> [ENTRIES SUPPLIED]

§ §

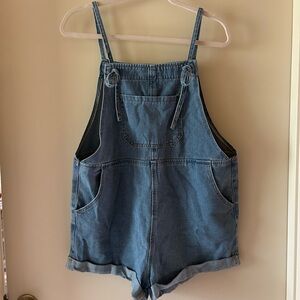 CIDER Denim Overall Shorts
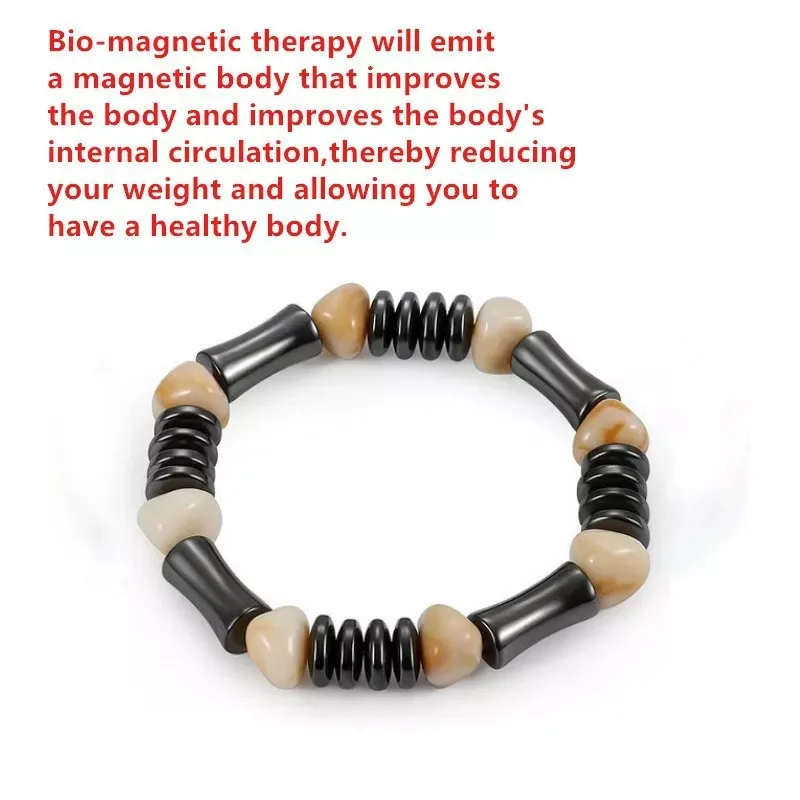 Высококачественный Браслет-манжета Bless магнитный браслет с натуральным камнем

§ §

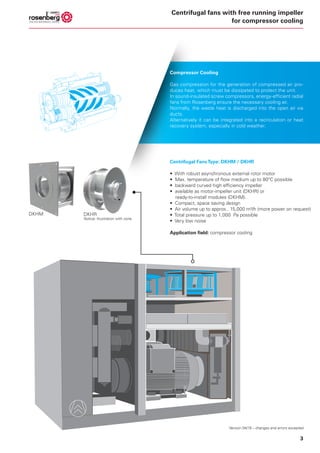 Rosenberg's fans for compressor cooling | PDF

§ §

> [TASK BRIEF]
Return exactly the stretch above whose first line contains "CIDER Denim Overall Shorts" and whose last line contains "Высококачественный Браслет-манжета Bless", and nothing outside it. The pictures should not appear.

> [EXPECTED ANSWER]
 CIDER Denim Overall Shorts
 Высококачественный Браслет-манжета Bless магнитный браслет с натуральным камнем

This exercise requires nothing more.